- _Your goal_: Below is a listing with pictures in it; transcribe exactly the lines from the one that has "Gold Bracelets for Women, Dainty" through the one that has "Bayern Militärverdienstkreuz 3.", and omit those pictures.

- _Provided entries_:

BEGIN

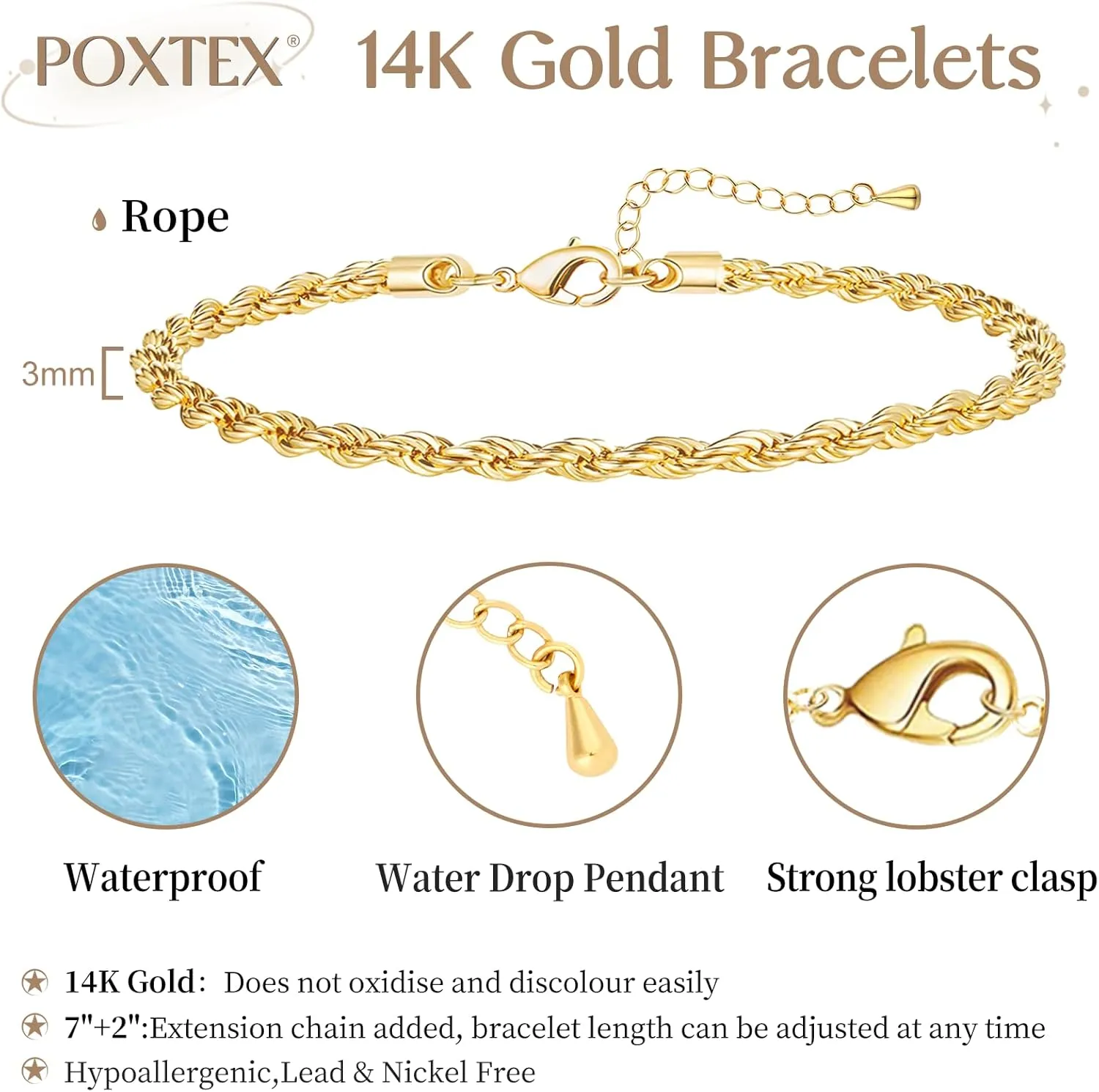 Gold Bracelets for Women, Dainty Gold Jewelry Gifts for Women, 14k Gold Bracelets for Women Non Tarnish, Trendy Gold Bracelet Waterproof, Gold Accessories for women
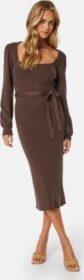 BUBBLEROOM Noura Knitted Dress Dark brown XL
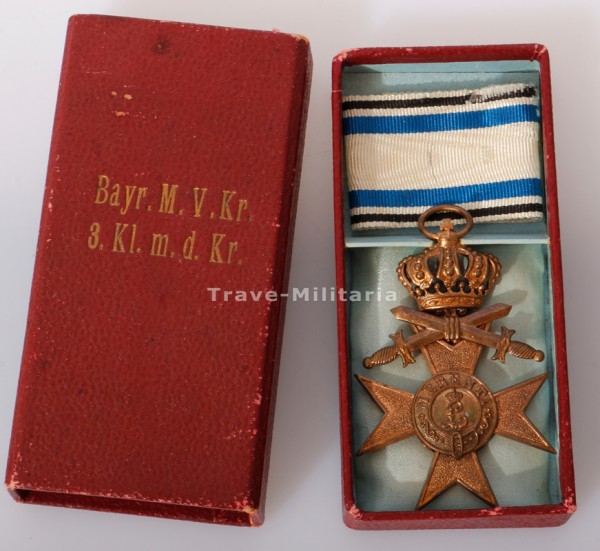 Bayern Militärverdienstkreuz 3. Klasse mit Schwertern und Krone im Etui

END
BEGIN

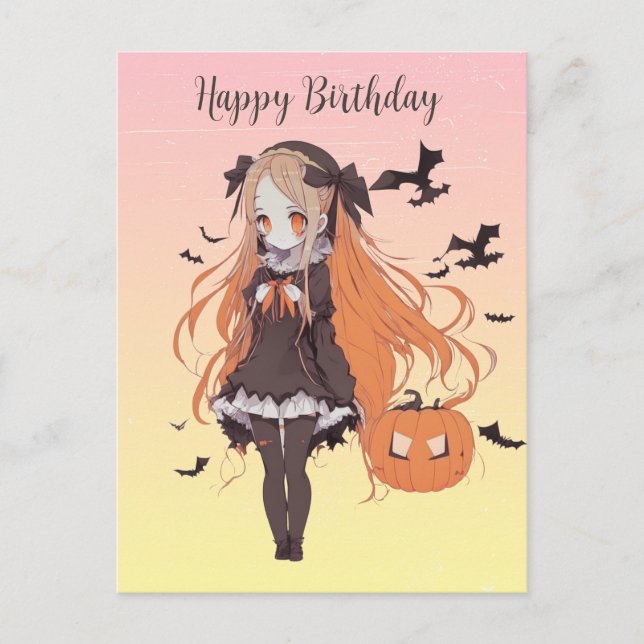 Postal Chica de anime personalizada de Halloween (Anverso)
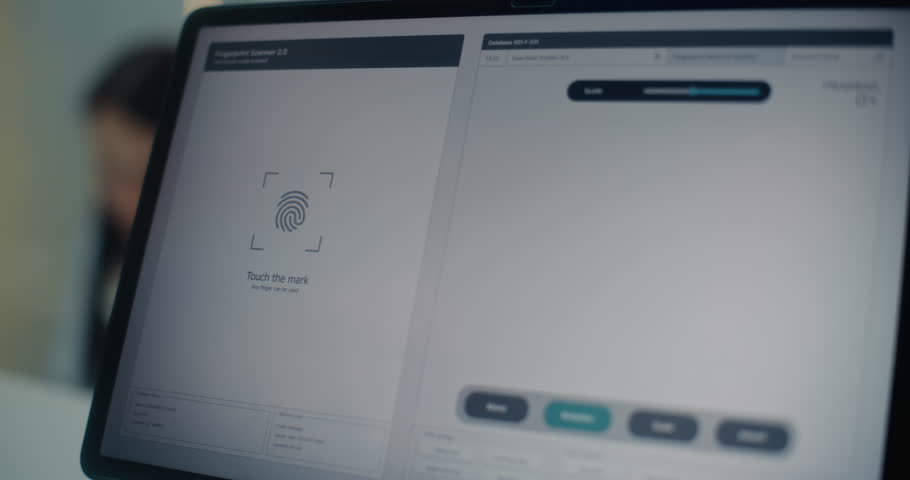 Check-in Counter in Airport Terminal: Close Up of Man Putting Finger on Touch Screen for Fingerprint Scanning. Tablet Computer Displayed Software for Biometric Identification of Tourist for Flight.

END

- _Task response_:
 Gold Bracelets for Women, Dainty Gold Jewelry Gifts for Women, 14k Gold Bracelets for Women Non Tarnish, Trendy Gold Bracelet Waterproof, Gold Accessories for women
 BUBBLEROOM Noura Knitted Dress Dark brown XL
 Bayern Militärverdienstkreuz 3. Klasse mit Schwertern und Krone im Etui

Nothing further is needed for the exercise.